There’s the fruit and vegetable man, or rather, men. They call me mon ange or mademoiselle. Some of them say tu, and I like it. The owner calls me la Miss,the way the Parisian’s father used to — it’s strange how quickly that can send me back. The herbs in my bag are always cadeau, but sometimes, when I stop by for a quick mid-morning snack, my hand-selected pêche blanche is rinsed, wrapped in paper towel, and cadeau too.
There’s the bartender at the local café, the one we call the PMU, even though it’s just a café that will sell you 8 euro packs of cigarettes sometimes, but you don’t get to choose the brand. He waves at me even when I’m just walking by, calls me ma belle, ma chérie, mon ange. I always stop to give him an exaggerated wave and smile, because apparently once I forgot, and it ruined his morning. I don’t know if i believe him, but I smile anyway. The last beer — I won’t say of how many — is always on the house, and we can pay for even just a demi with a credit card and get change back on 10 euro.
There’s the butcher, who I see rarely, as those who frequent this blog may guess, but if he’s ever out smoking, he calls me Emily, smiles, and sometimes says Emily-i-grec, just so that I know that he knows, that he remembers.

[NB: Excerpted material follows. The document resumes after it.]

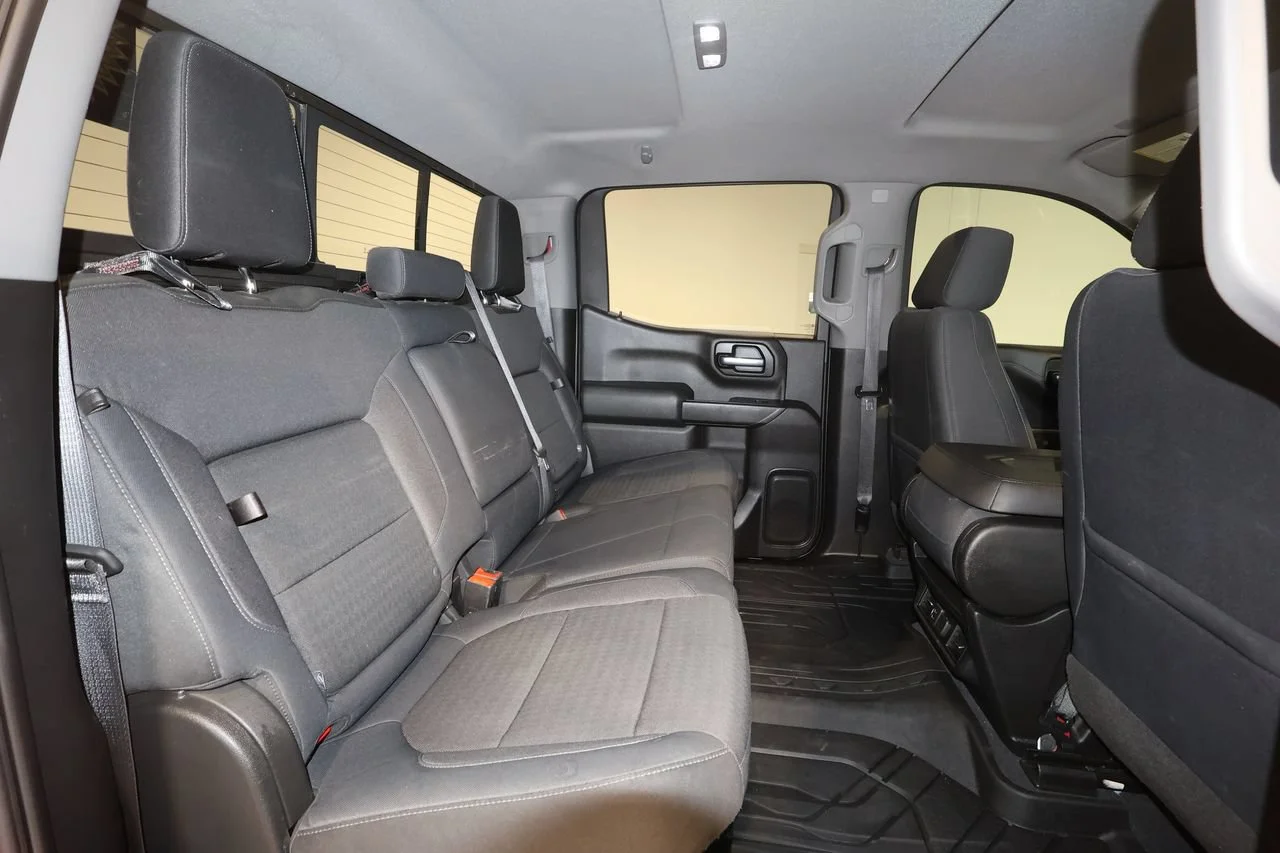Used 2019 RED HOT Chevrolet LT image 16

It’s been at least a year in the making, maybe more. But when I’m gone for a few days, they notice. When I’m in a hurry, they ask if everything is OK.
I always wanted to be a regular somewhere, though when I wanted it, I assumed it would be at a dive bar. I can’t hide how happy I am, now, that I’m a regular at the places where I buy my groceries instead.
Cobb-ish Salad (serves 2)
100 grams lardons or bacon cut into matchsticks
2 chicken breasts
20 cherry tomatoes
1 red onion
50 grams Roquefort
1 avocado
2 Romaine hearts
2 Tbsp. mayonnaise
2 Tbsp. sour cream
2 Tbsp. cider vinegar
1 tsp. salt
fresh black pepper
Place the lardons in a cold pan and slowly heat. Allow the fat to render out. Cook until the lardons are slightly browned. Remove with a slotted spoon and set aside. Add the chicken breasts to the pan and cook 4-5 minutes per side, until completely browned. Remove and set aside.
Halve the cherry tomatoes. Thinly slice the onion. Dice the avocado and slice the romaine.
Whisk together the mayonnaise, sour cream, cider vinegar, salt and pepper. Toss in a large salad bowl with the romaine. Top with the tomatoes, onion, blue cheese, avocado, chicken and bacon. Serve.
Moving & I’m just starting to relate. I’m waiting for the day when I will be a regular here. I will never be a local – forever an import but one day I’m hoping to fit in almost completely.
What a beautiful salad, Emiglia. Loved reading about how your relationship with Paris has become something so special. Gotta get this salad made and then get ourselves to Paris. Someday.